# [Exercise details]
Only the lines below from the one containing "2017 New Women" through the one containing "SANDY MIDI DRESS- YELLOW FLORAL" belong in the answer, set down exactly, with the pictures left out.

# [Information]
□ □ □ □ □ □ □

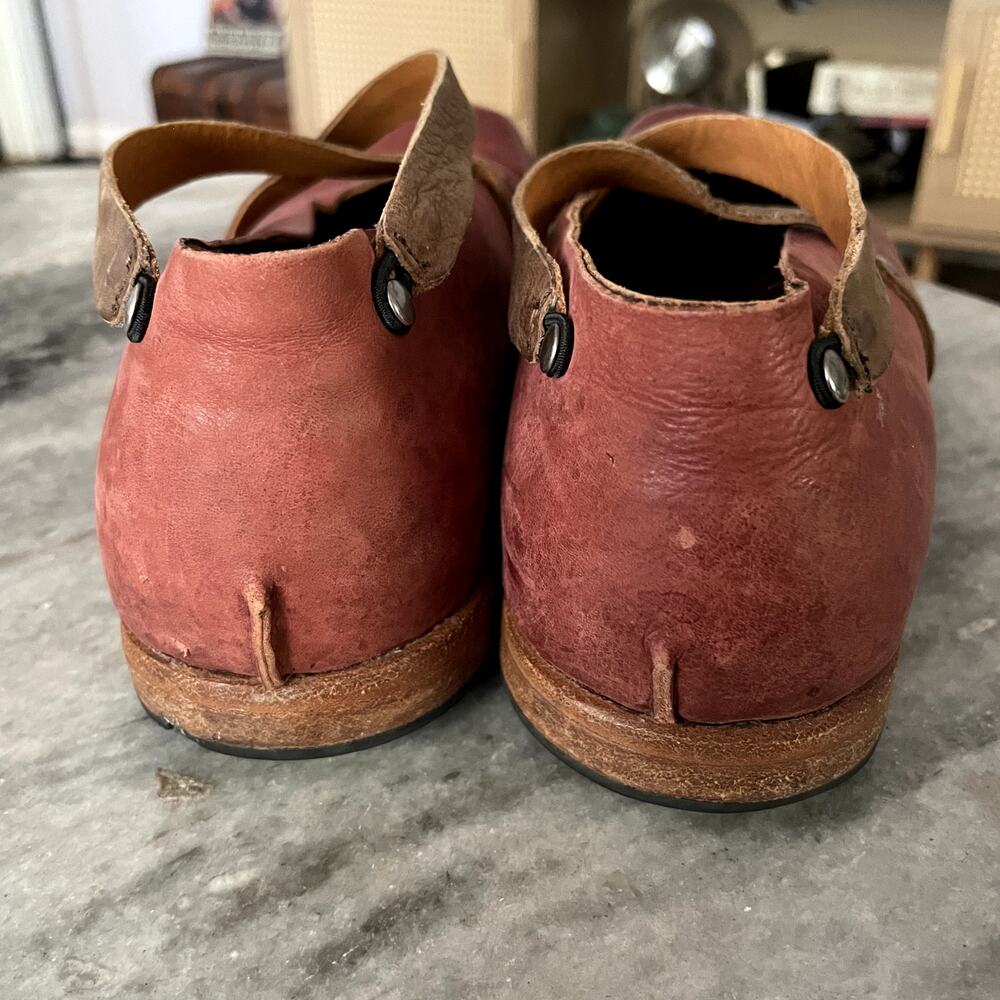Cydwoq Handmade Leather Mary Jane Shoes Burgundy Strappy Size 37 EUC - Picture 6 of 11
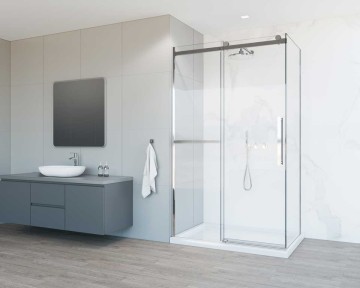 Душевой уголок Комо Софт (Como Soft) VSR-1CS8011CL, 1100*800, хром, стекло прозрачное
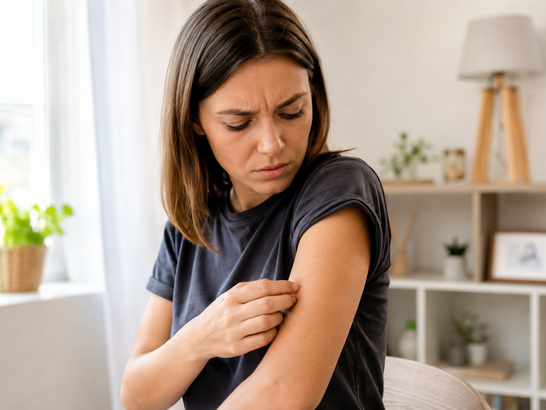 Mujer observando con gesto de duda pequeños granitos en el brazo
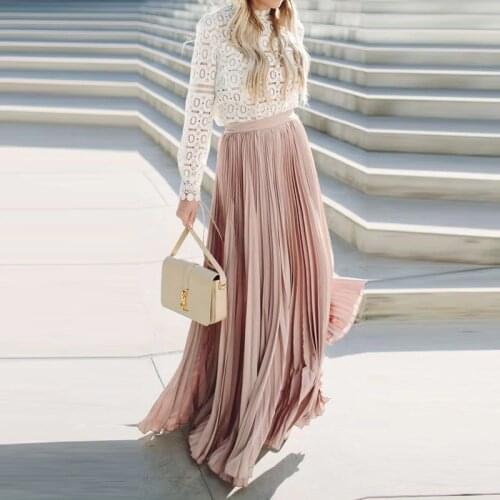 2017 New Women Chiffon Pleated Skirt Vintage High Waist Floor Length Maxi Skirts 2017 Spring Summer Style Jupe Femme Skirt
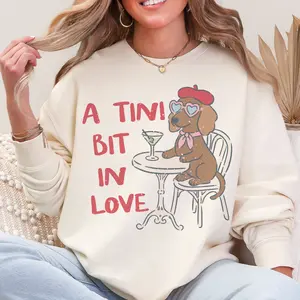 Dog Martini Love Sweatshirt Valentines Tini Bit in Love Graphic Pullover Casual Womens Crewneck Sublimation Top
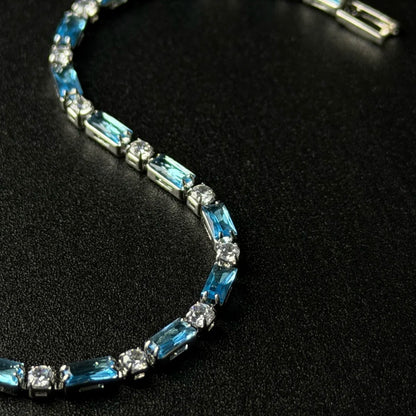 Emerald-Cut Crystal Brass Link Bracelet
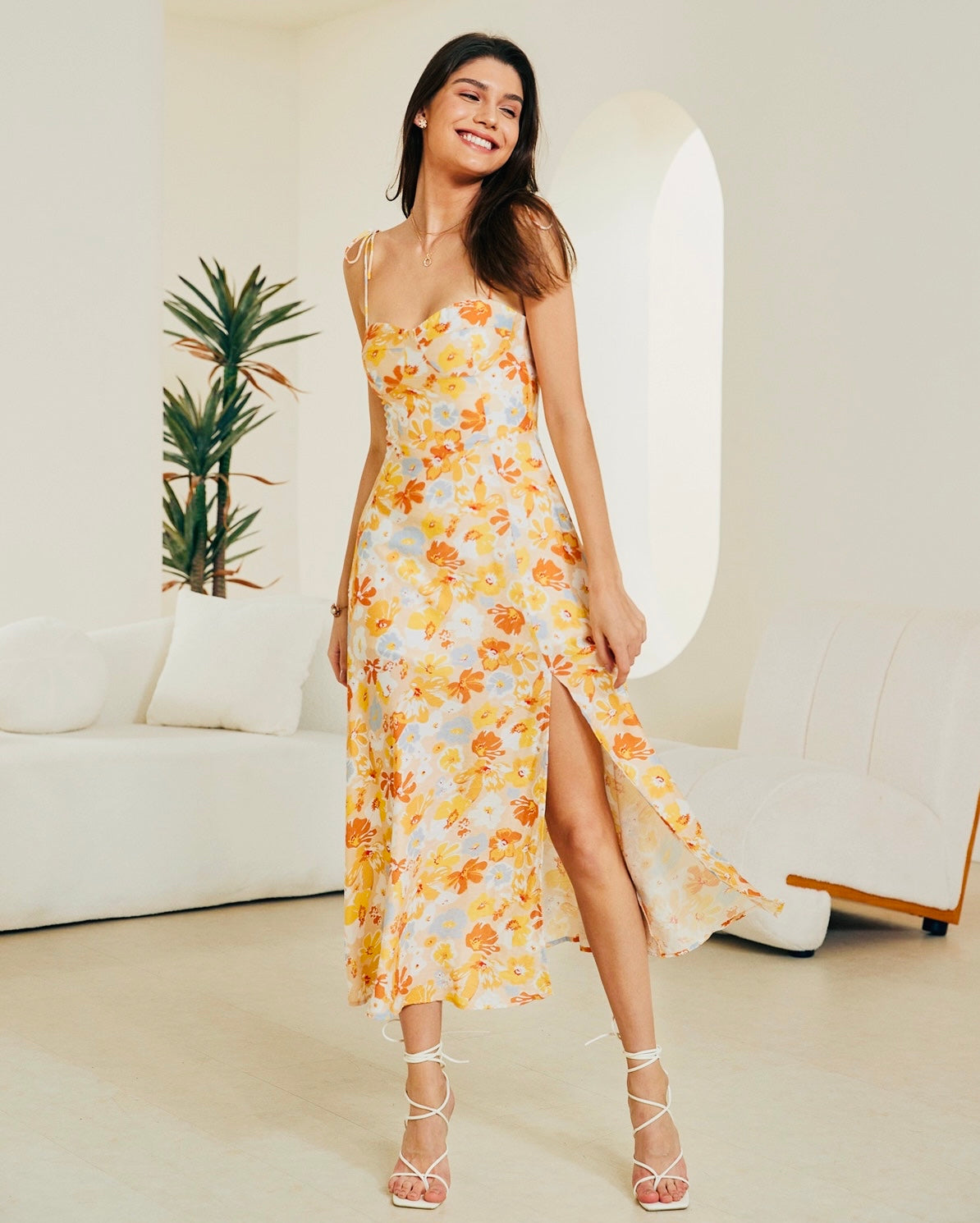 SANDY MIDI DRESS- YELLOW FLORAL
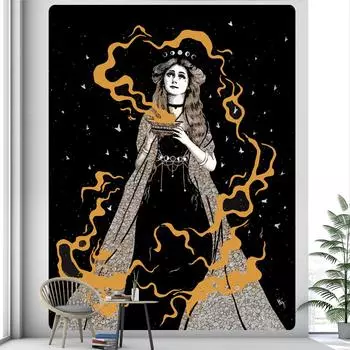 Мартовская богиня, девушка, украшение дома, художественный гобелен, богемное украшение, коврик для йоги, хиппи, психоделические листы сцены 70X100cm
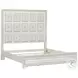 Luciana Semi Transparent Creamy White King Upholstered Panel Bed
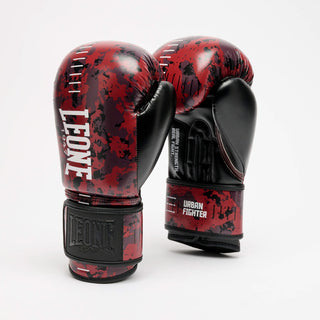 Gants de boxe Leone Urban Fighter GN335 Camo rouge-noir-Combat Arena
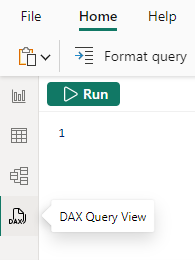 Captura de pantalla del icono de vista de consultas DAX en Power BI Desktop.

□ □ □ □ □ □ □

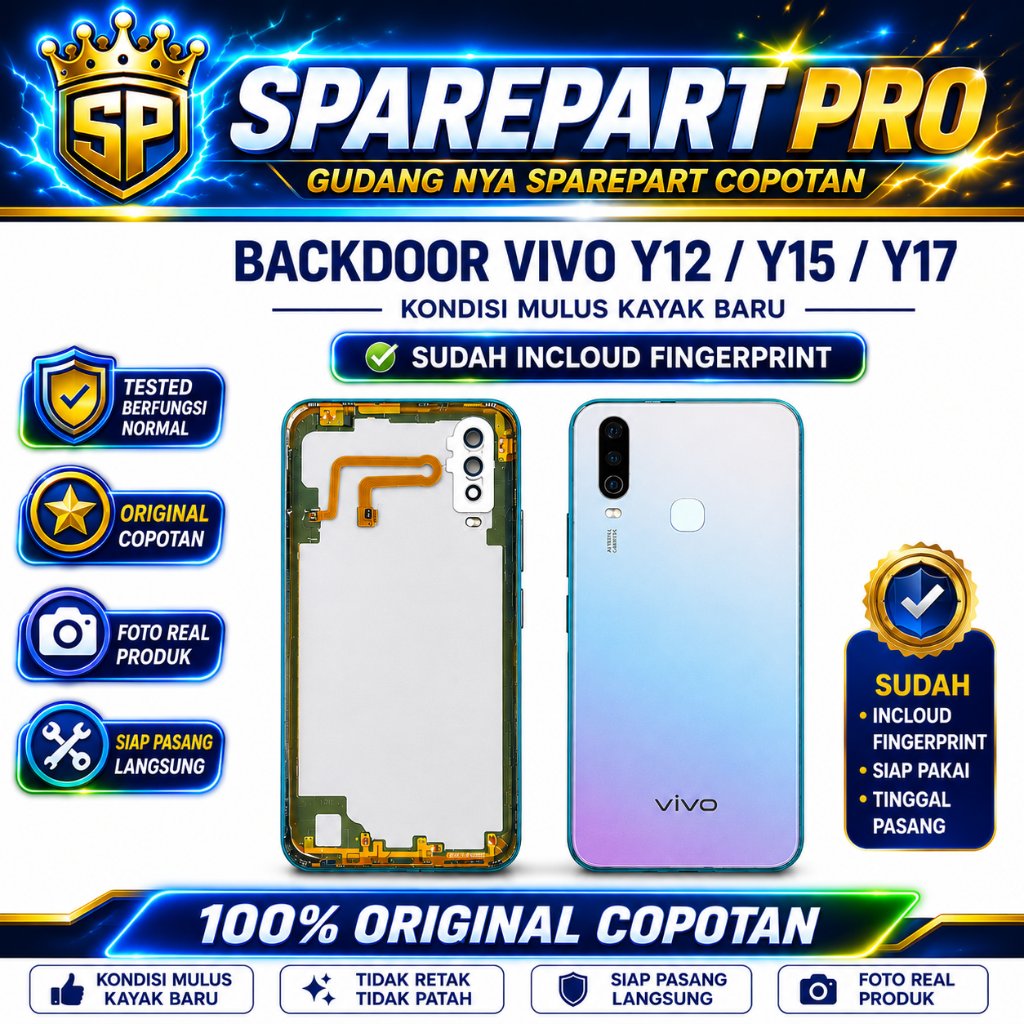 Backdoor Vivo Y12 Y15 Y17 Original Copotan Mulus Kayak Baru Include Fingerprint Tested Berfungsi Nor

□ □ □ □ □ □ □

# [Response]
 2017 New Women Chiffon Pleated Skirt Vintage High Waist Floor Length Maxi Skirts 2017 Spring Summer Style Jupe Femme Skirt
 Dog Martini Love Sweatshirt Valentines Tini Bit in Love Graphic Pullover Casual Womens Crewneck Sublimation Top
 Emerald-Cut Crystal Brass Link Bracelet
 SANDY MIDI DRESS- YELLOW FLORAL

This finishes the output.